I don't see why he hits the home run and sits out the rest of the game though. Steroids must be wearing off.


----------



## GH0STrider (Aug 8, 2007)

It don't mean shit. A-rod is gonna break the home run record before his career is over. Hopefully without a steroid conviction so we have someone to trully look up to.


----------



## Leon (Aug 8, 2007)

GH0STrider said:


> It don't mean shit. A-rod is gonna break the home run record before his career is over. Hopefully without a steroid conviction so we have someone to trully look up to.



just because a guy can hit the long ball doesn't qualify him as a role model. there is MUCH more to baseball than homeruns, which i'm sure you're aware of, it's just not as easy to notice, since homeruns are more publicized. if/when i have kids, i'd rather them look up to guys like Omar Vizquel, Jim Thome, Grady Sizemore, and Kenny Lofton. these guys are team players who only put themselves in danger by maybe sliding into the occasional catcher (and in the case of Omar, doing fucking backflips at SS to make some insane plays ).

and, not to make it personal against A-Rod, and not that i wouldn't do the same thing if some other company offered me $80,000,000 to join them, but i sorta have a bit more respect for guys who don't chase dollar signs. the Yanks tried to acquire Omar while he was still with the Indians. they offered him more money, and he turned it down, because he wanted to stay in Cleveland. now that's a role model!


----------



## spinecast213 (Aug 8, 2007)

bonds has never failed a drug test


----------



## Jason (Aug 8, 2007)

GH0STrider said:


> It don't mean shit. A-rod is gonna break the home run record before his career is over. Hopefully without a steroid conviction so we have someone to trully look up to.

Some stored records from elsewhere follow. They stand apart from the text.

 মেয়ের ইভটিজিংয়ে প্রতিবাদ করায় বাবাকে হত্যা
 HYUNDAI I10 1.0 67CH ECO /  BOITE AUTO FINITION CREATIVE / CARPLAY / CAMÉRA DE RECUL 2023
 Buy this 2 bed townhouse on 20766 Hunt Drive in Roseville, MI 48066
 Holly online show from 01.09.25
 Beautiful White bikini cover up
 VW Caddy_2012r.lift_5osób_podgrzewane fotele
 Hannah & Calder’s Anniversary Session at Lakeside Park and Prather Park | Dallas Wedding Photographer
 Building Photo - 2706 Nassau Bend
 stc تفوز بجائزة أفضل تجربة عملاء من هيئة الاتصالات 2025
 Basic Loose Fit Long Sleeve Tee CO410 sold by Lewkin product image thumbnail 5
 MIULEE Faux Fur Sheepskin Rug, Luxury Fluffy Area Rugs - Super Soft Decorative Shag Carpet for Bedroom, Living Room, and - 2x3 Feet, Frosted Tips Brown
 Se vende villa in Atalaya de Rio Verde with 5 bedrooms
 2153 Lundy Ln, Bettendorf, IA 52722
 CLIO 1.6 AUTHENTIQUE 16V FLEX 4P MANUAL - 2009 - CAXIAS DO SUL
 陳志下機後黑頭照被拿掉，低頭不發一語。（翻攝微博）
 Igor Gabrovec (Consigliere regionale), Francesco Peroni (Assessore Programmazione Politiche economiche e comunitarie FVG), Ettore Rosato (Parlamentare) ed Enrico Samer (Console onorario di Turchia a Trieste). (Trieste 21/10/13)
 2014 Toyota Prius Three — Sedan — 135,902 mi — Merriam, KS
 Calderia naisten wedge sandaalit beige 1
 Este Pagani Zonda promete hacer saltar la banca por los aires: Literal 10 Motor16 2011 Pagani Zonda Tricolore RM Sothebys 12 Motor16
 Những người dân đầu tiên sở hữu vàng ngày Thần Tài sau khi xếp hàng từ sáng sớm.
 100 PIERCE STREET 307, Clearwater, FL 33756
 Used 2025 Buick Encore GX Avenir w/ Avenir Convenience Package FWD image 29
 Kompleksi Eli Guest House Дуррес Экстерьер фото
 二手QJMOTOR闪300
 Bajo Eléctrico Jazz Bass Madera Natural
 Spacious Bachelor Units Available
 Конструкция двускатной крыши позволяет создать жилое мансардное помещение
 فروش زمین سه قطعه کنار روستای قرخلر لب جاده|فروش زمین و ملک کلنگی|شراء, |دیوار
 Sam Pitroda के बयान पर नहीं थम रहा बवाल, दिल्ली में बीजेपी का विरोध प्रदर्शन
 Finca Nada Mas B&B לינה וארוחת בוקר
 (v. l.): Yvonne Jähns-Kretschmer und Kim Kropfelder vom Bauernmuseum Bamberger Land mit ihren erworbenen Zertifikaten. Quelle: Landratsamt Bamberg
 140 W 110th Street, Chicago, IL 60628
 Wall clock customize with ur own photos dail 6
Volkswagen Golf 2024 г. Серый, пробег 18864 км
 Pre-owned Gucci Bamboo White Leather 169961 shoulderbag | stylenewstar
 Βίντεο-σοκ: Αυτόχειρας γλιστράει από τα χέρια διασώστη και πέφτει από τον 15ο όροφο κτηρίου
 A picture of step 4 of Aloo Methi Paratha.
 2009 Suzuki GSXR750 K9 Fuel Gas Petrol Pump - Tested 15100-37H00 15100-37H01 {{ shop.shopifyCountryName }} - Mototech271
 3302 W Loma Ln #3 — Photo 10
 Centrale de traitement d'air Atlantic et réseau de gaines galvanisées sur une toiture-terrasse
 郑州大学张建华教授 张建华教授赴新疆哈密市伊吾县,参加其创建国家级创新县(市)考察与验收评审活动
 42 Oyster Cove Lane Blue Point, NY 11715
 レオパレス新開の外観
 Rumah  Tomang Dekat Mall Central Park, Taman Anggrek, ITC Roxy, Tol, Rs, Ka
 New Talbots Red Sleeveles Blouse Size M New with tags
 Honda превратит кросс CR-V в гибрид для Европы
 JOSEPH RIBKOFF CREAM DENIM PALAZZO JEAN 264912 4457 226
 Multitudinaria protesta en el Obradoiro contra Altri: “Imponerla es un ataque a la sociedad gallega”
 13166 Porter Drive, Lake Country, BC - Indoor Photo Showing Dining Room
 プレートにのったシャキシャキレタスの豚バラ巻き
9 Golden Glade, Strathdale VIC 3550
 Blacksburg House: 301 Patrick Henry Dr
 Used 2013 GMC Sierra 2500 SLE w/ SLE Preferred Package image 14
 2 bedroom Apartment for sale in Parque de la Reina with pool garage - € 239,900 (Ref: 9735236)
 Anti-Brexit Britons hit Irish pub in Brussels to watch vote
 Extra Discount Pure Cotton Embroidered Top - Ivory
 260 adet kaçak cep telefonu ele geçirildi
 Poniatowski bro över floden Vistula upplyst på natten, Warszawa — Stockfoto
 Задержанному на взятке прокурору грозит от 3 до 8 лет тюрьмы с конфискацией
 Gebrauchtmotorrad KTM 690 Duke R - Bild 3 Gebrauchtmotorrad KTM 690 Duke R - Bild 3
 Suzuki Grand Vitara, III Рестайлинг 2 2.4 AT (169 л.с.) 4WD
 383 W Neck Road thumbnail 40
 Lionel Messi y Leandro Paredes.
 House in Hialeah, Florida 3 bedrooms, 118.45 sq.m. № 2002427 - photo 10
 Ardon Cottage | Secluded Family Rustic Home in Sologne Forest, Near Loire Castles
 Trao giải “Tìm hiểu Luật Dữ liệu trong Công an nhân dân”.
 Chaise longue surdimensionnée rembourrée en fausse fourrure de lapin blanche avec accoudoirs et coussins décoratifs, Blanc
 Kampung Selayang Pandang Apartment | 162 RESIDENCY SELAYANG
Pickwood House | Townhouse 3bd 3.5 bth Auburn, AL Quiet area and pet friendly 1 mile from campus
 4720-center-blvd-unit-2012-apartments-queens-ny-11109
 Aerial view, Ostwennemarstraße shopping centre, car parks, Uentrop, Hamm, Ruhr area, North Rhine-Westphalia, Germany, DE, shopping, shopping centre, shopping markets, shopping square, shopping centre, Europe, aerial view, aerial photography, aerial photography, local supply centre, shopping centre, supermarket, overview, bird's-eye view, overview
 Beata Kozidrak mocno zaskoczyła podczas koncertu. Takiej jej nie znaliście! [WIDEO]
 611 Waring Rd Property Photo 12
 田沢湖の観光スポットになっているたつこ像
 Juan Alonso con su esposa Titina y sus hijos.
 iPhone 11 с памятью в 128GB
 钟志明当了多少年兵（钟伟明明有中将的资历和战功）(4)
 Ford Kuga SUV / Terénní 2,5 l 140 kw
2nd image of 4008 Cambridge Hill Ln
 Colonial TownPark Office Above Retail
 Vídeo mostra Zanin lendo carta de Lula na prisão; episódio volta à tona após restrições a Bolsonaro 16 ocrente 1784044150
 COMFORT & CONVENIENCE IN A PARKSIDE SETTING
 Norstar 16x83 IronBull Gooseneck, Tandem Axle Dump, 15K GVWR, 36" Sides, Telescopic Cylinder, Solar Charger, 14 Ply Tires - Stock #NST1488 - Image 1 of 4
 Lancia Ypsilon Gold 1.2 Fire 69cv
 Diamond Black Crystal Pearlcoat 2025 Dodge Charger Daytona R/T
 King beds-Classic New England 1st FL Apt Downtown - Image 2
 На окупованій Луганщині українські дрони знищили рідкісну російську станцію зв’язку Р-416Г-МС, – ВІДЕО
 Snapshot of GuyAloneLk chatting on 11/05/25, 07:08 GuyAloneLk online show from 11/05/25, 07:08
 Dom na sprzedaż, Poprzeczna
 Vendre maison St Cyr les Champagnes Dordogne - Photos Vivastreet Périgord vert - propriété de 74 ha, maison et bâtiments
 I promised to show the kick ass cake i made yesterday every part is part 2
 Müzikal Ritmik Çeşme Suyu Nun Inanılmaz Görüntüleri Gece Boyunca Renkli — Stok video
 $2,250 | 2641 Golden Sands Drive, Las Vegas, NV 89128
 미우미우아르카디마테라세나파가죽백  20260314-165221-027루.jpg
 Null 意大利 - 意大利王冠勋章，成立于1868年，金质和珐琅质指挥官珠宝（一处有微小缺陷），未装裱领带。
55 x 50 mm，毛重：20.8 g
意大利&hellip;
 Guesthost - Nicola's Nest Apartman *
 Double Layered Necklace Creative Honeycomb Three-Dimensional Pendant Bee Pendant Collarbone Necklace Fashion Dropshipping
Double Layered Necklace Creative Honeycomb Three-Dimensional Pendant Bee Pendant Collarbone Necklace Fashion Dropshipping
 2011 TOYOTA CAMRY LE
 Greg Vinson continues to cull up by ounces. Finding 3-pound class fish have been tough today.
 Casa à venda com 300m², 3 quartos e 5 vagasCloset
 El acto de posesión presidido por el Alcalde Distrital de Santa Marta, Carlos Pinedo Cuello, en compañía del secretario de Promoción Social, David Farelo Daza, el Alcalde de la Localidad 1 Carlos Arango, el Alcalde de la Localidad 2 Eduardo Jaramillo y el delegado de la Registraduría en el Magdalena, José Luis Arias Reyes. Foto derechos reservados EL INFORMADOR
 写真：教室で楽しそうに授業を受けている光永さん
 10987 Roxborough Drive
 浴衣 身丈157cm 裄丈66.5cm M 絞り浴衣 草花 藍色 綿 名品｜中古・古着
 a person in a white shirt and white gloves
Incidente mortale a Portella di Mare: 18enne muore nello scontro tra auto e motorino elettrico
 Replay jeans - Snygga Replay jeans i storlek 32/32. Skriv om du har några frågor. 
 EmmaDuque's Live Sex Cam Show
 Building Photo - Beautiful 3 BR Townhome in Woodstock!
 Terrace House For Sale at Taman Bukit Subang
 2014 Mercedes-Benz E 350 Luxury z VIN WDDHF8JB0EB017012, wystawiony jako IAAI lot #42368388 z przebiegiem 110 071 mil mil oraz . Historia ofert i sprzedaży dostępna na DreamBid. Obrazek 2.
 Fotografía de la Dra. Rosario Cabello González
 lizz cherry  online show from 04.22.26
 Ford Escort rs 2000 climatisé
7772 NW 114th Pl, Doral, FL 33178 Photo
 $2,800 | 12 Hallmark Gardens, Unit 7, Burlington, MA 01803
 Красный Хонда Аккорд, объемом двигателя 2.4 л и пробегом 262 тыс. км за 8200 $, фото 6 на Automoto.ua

I wouldn't say "it don't mean shit" that's a bit overstating it.


----------



## Jason (Aug 8, 2007)

spinecast213 said:


> bonds has never failed a drug test



True.


----------



## nitelightboy (Aug 8, 2007)

spinecast213 said:


> bonds has never failed a drug test



That's because "The Clear" was designed to not show up in a standard drug test. You have to run a test specifically looking for it. Guys like Bonds that have to cheat their way to a record shouldn't be allowed to have that record. I've lost respect for almost every professional athlete out there. When they start taking salaries in the $100k range and telling their teams to donate the rest of the money to their state's education funds to help teachers earn better pay or stuff like that, then they'll earn my respect again. Sports shouldn't be about money, it should be about the love of the game. Plain and simple.


----------



## Metal Ken (Aug 8, 2007)

Leon said:


> just because a guy can hit the long ball doesn't qualify him as a role model.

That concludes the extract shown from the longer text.